— Exercise instructions —
Copy the data exactly. Images are to be left out.

— Collected material —
◆ ◆ ◆ ◆ ◆ ◆ ◆

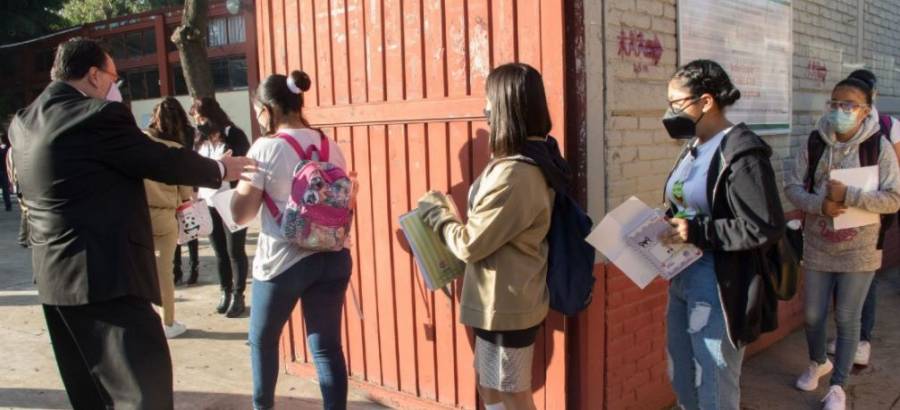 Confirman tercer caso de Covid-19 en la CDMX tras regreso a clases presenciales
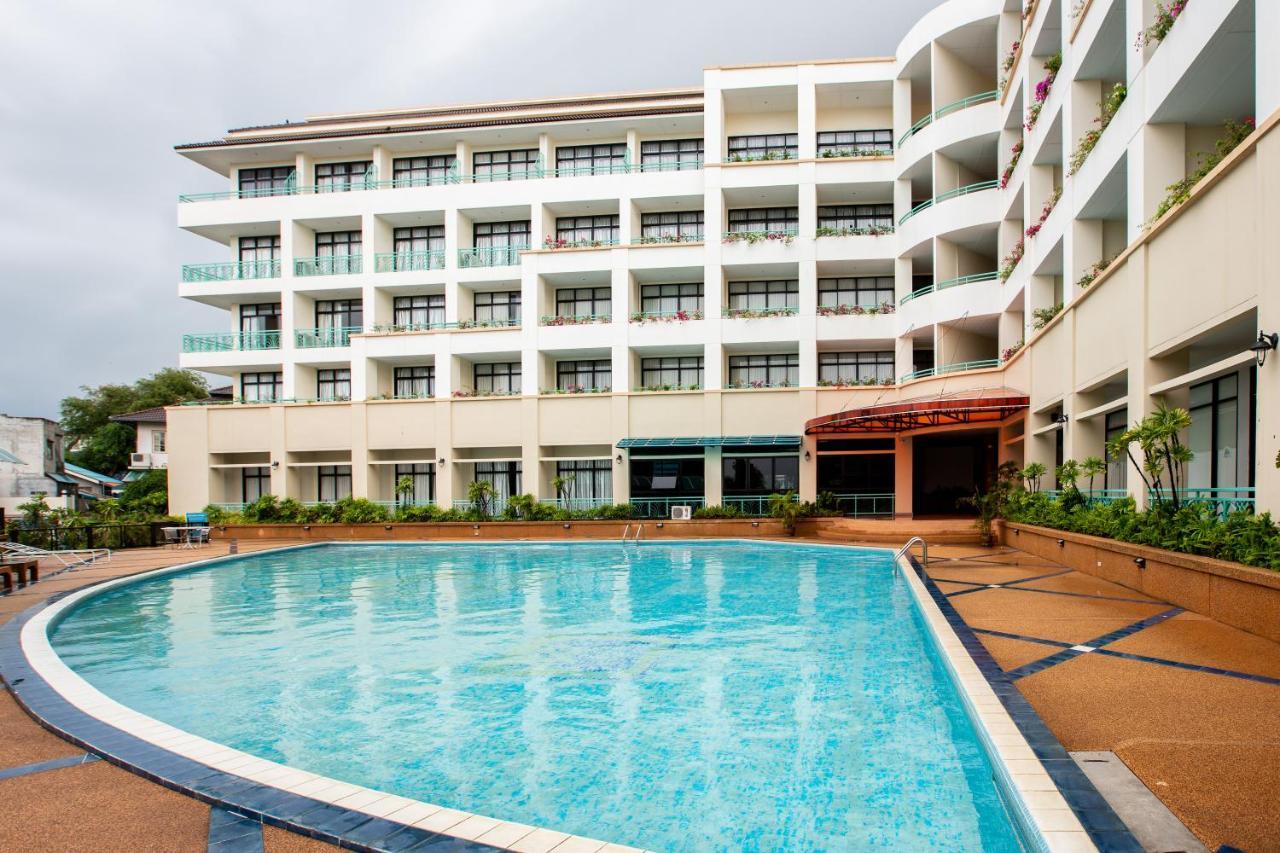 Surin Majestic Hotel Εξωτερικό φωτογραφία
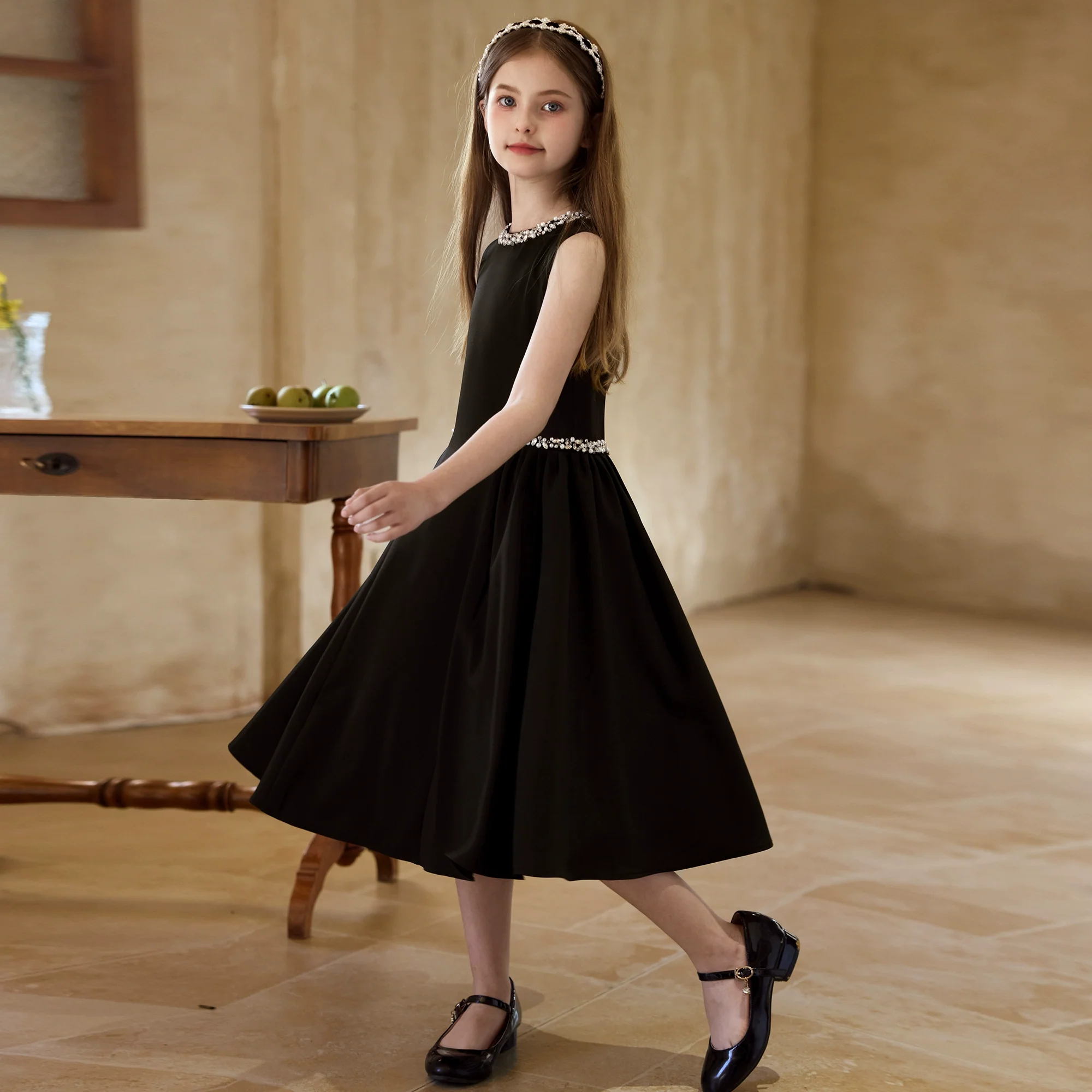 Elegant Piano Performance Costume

◆ ◆ ◆ ◆ ◆ ◆ ◆

— The answer —
 Confirman tercer caso de Covid-19 en la CDMX tras regreso a clases presenciales
 Surin Majestic Hotel Εξωτερικό φωτογραφία
 Elegant Piano Performance Costume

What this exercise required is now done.